** DATA IN THIS EXERCISE follows **

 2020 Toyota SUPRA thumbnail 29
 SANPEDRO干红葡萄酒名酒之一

** End of DATA IN THIS EXERCISE **
** DATA IN THIS EXERCISE follows **

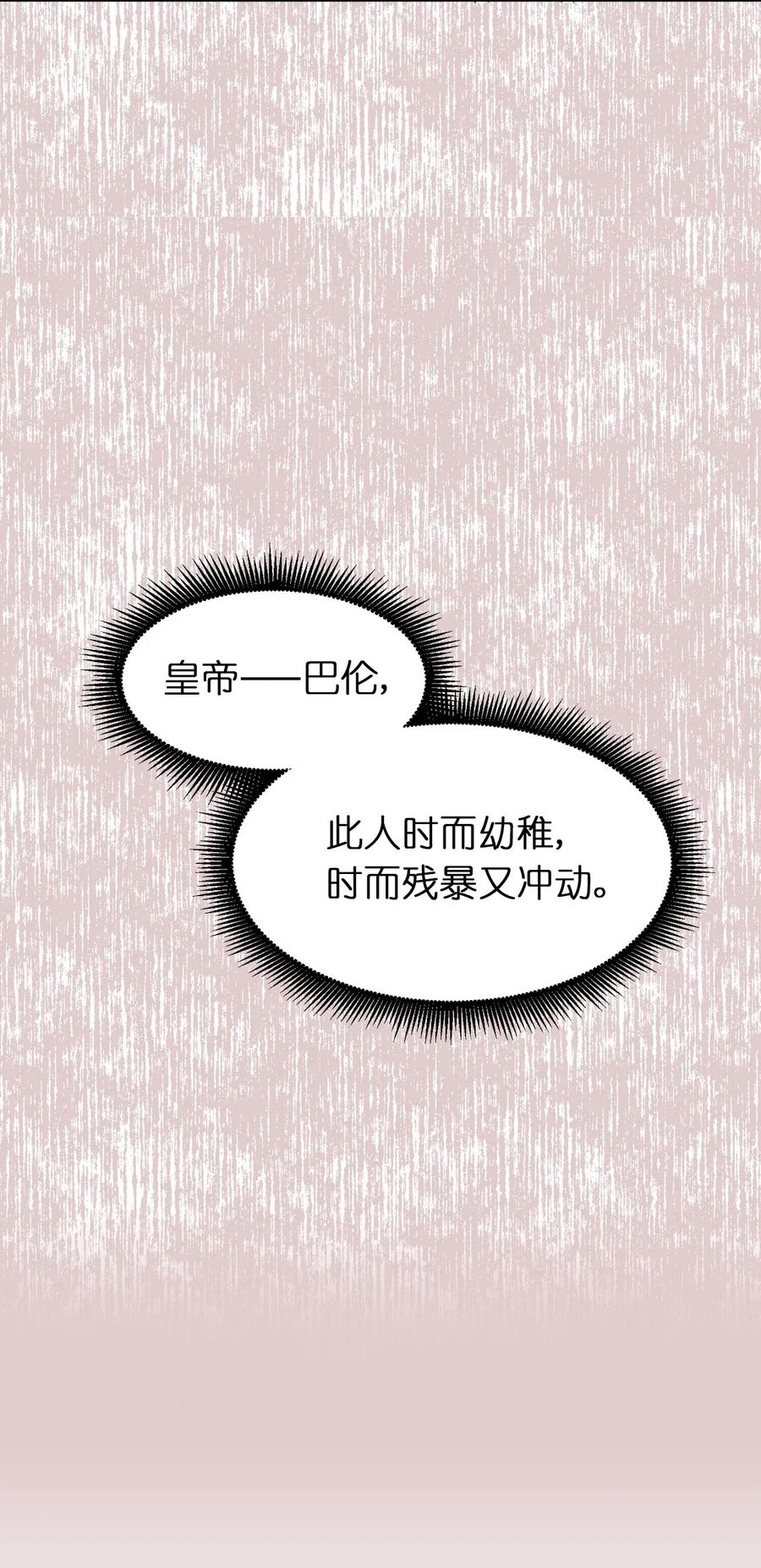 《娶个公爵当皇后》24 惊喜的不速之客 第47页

** End of DATA IN THIS EXERCISE **

→ WHAT TO WORK ON
Write down, word for word, the lines above from the one containing "2020 Toyota SUPRA thumbnail 29" through the one containing "SANPEDRO干红葡萄酒名酒之一", both ends included.

→ RESPONSE TO THE EXERCISE
 2020 Toyota SUPRA thumbnail 29
 SANPEDRO干红葡萄酒名酒之一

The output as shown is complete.